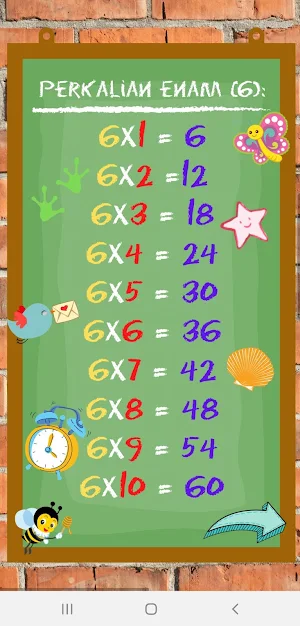 Tabel Perkalian Screenshot 3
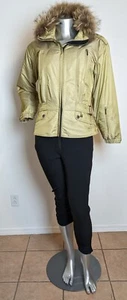 Traje de esquí Nils para mujer 10P traje de nieve de una pieza babero de nieve piel de mapache vintage tostado - Imagen 1 de 9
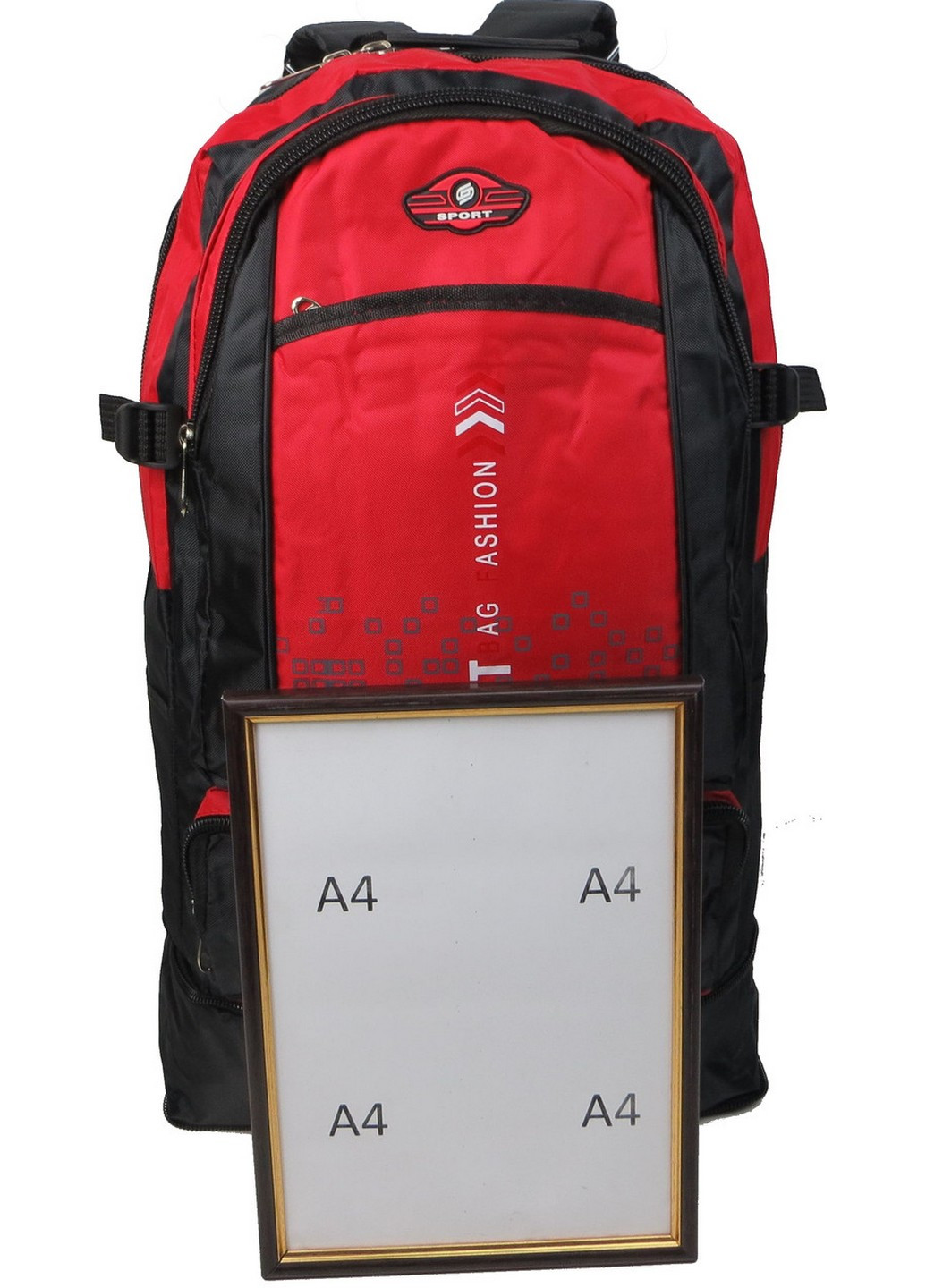 Туристический рюкзак с возможностью увеличения 50(60)x35x14 см Fashion (259264553)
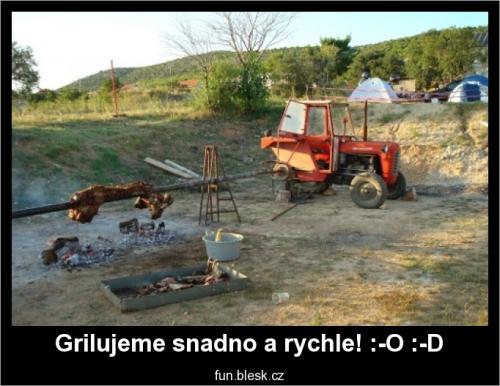  Grilujeme snadno a rychle 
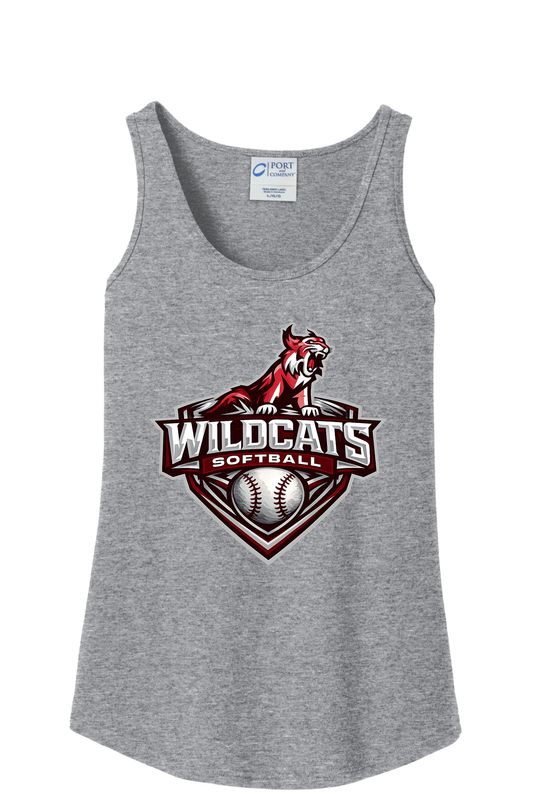 wildcats softball ladies tank top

What to produce: Word for word, retype all of the data above, but include no pictures.

Solution to this task:
 Tabel Perkalian Screenshot 3
 Traje de esquí Nils para mujer 10P traje de nieve de una pieza babero de nieve piel de mapache vintage tostado - Imagen 1 de 9
 Туристический рюкзак с возможностью увеличения 50(60)x35x14 см Fashion (259264553)
  Grilujeme snadno a rychle 
 wildcats softball ladies tank top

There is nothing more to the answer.